Friday, 16 October 2015

HBK leg comparison

I've be putting together 2 more HBKs for paint and I thought I'd take a quick snap to show side by side comparison of how the lower leg articulation works.

The hunchies legs are made with ball joints for the hips, ankle and an arch for knee. The basically lets you set a pose in however you like. Above you can see one it more classic robot straight the other is more at ease I'm not that adventurous what leg posing I'm more concerned with stability and a level hip joint with a forward rake.

Most of my designs use this method of leg design and after making a few I thought I'd write out what process I found to be best. You should find a hard flat surface that's out of the way to do this for me its the far corner of my pc desk as its not likely to get bumped or knocked. I also like to glue the legs just before bed time. I'd like to say its because it means the kids are out of the way but to be honest its because it stops me from tinkering with it while the glue sets.

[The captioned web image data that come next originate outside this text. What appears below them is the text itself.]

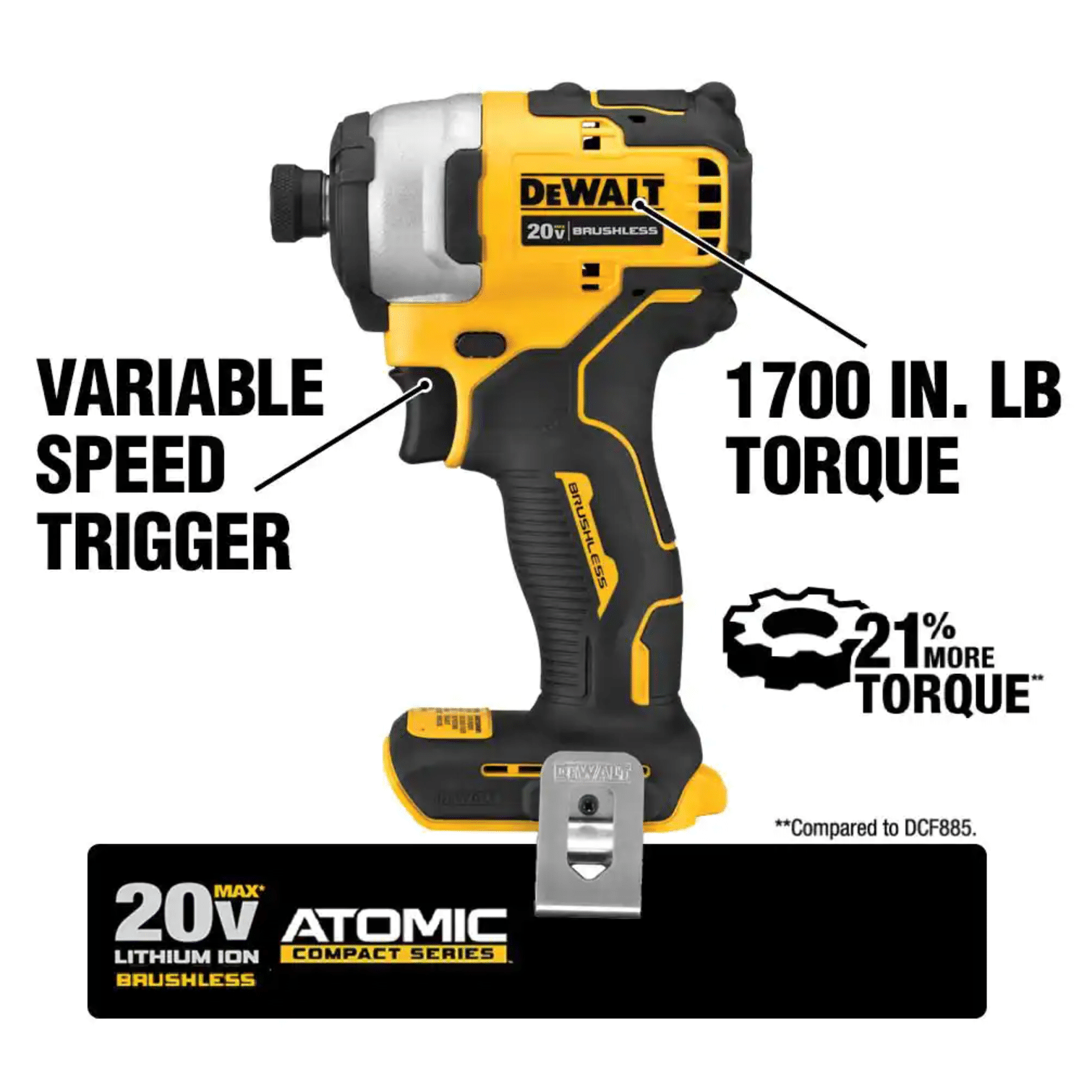 Dewalt Atomic 20-Volt MAX Cordless Brushless Compact 1/4 in. Impact Driver. (2) 20-Volt 1.3Ah Batteries. Charger & Bag (DCF809C2)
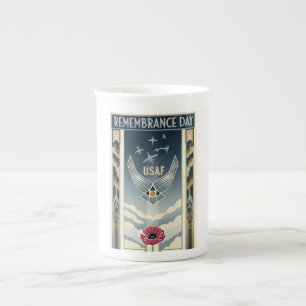 USAF Art Deco Remembrance Day Edition Bone China Mug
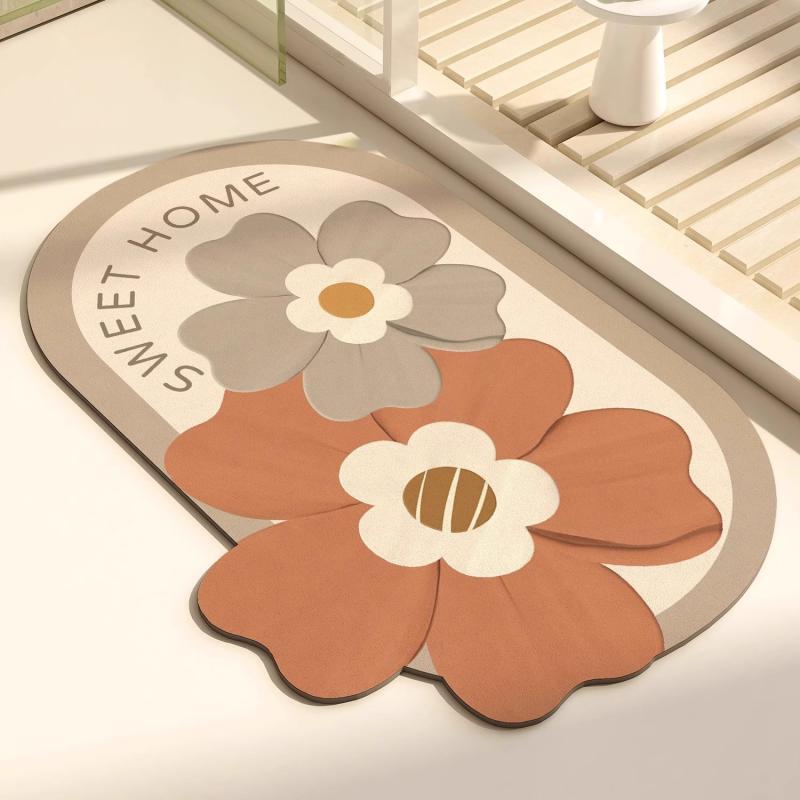 バスマット 珪藻土マット 浴室足ふきマット トイレマット ドアマット 玄関マット カーペット 吸水速乾 滑り止め付き 植物柄 寝室 浴室 ..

  • First I like to test fit everything and compare it to how the in game models stand. A lot of the MWO designs don't have a locked knees but stand with the leg bent so its good to check. I design the legs to stand in this pose more or less with as much articulation as I can get without chopping out large sections of model. On legs that are really counter intuitive I add reference pencil lines
  • Then I drill pin wholes in the alignment I want then counter sink those holes to get some wriggle room. I put wire into the hole and bend the wire until it all sits correctly, the pins and friction should hold everything together at this point and you can make tweaks to get it how you want it.
  • I glue one leg together first (2 part epoxy glue) and let it cure for 24hrs. this gives it a pretty good bond and you're not likely to break it when handling.
  • Then I glue on the hip. Now my top tip is to have it side to level with a small rake to the front 2-5 degrees. I found if you do have a a big tilt it might look fine in the intended pose but as torso rotates it'll look awkward, I guess that because in reality the hip moves to compensate. Prop the hip and leg up gingerly and allow the glue cure.
  • Last to be glued is the other leg. I do a second dry fit to make sure it fits into the hips ball joint with out pulling up or down. Then working on the hard flat surface I glue the knee and ankle at the same time you could glue the hip ball too but I like to leave it unglued from painting. I put the leg assembly together propped together with hip/leg assembly.
  • This should net you a wobble free set of legs with a level hip joint. However things can go wrong parts might get knocked while setting etc. You have some options break them apart which is risky, if you going to do that do it within 24hrs given the glue bond can actually be stronger than the resin. The other is heat the legs with a hair dryer/hot water resin with soften you should be able to bend them into the right shape (you can see it here with the elementals they are all the same model just been bent into different poses)
Its much better than trying to glue everything at once and having to prop up a big wobbly game of jenga and hope for the best. If you're really a masochist and wanted to drive yourself mad you could make a balanced jogging pose you'd need to shave some parts down and section the front foot, I reckon it would stand up with out the need for a base.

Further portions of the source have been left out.